Bali hotels are reportedly enjoying 90 per cent occupancy rates this November and December.
Bali, the gem of Indonesia's tourism industry, was hard hit by the 2003 bombings that killed up to 200 people, many of them Australian tourists, followed by another suicide bombing in 2005.
"The outlook for Bali's tourism industry remains positive," Ida Bagus Ngurah Wijaya, head of the Bali's tourism board, told Deutsche Presse-Agentur dpa. "The main issue in Bali is security. As long as security is being guaranteed, there will be more and more foreign visitors to Bali in 2009."
But no one knows to what extent the financial crisis will impact the island.
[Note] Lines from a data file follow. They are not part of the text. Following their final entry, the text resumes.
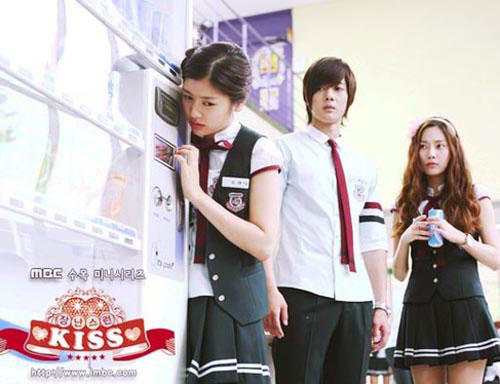 Kim Hyun Joong lại Nhật tiến cùng "Playful Kiss"  6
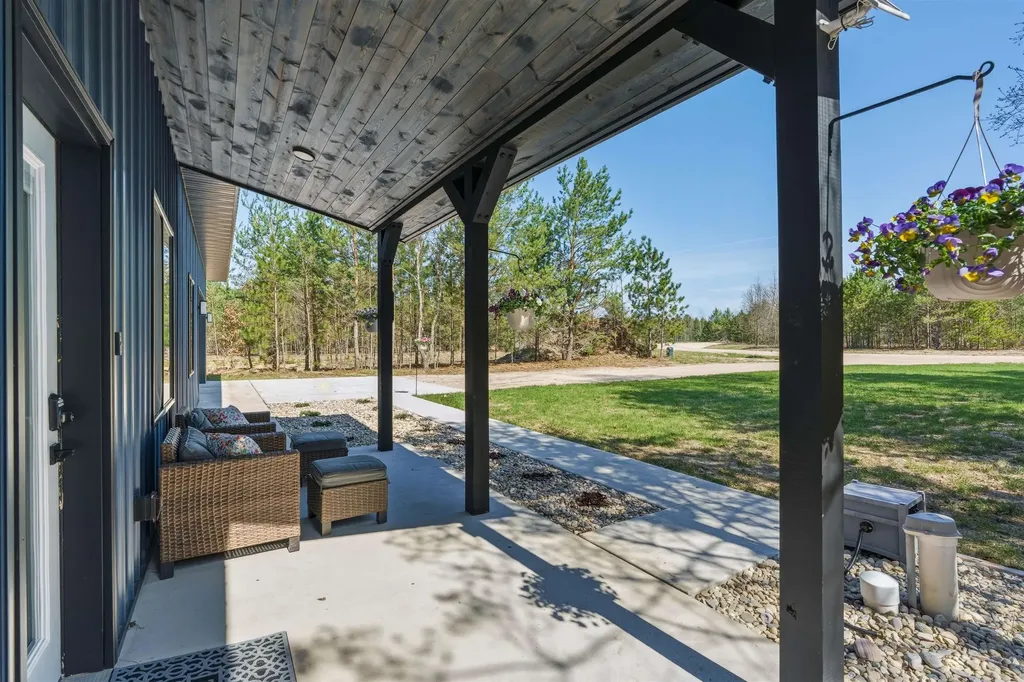 7980+ Springwater Drive Clearwater Township MI 49676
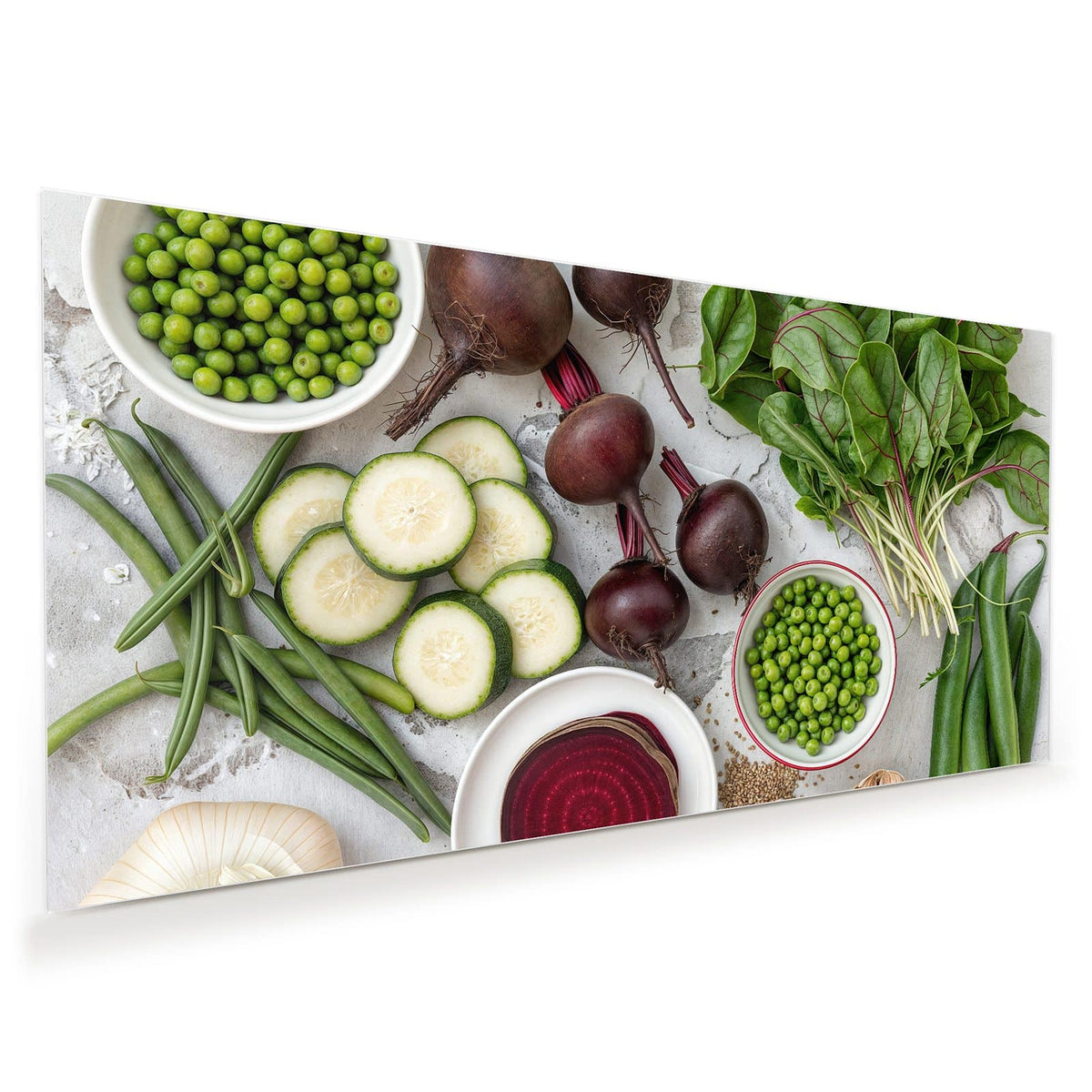Draufsicht: Schalen mit Erbsen, Rote Bete mit Stielen, aufgeschnittene Rote Bete, Zucchinischeiben, Spinat und Knoblauch.
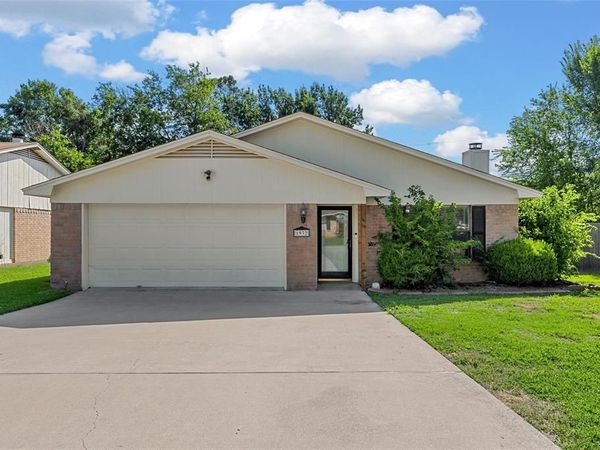 1932 Century Drive , Waco, TX 76712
The sprawling nation of more than 17,000 tropical islands, teeming with coral reefs, exotic wildlife, volcanoes and inland waterways, is a nature lover's paradise.
Istijab Danunegoro, chairman of the Indonesian Hotel and Restaurant Association chapter in Yogyakarta, the Javanese cultural capital that is another prime tourist destination, foresees a slowdown in arrivals next year but still predicts growth.
"With a better cooperation among related parties and better promotion, the outlook for tourism remains positive," Istijab said, projecting tourist arrivals to increase by about 10 per cent in 2009.
Cultural and Tourism Minister Jero Wacik has also called for greater cooperation within the sector, given its huge capacity to create employment and reduce poverty.
"This industry needs interactive efforts between all parties concerned - the government, tourist players as well as the public," Wacik told the Indonesian daily Kompas.
He acknowledged that the country is losing some tourists to neighbouring countries, partly because of limited promotion funds, inadequate transport and infrastructure, and a lack of professional guides."Domestic airlines have so far still been unable to cover the requirement of transporting tourists to the destinations," the tourism minister said. "Moreover, when the Visit Indonesia program again rolled out this year, not many domestic airlines and hotel operators welcomed this."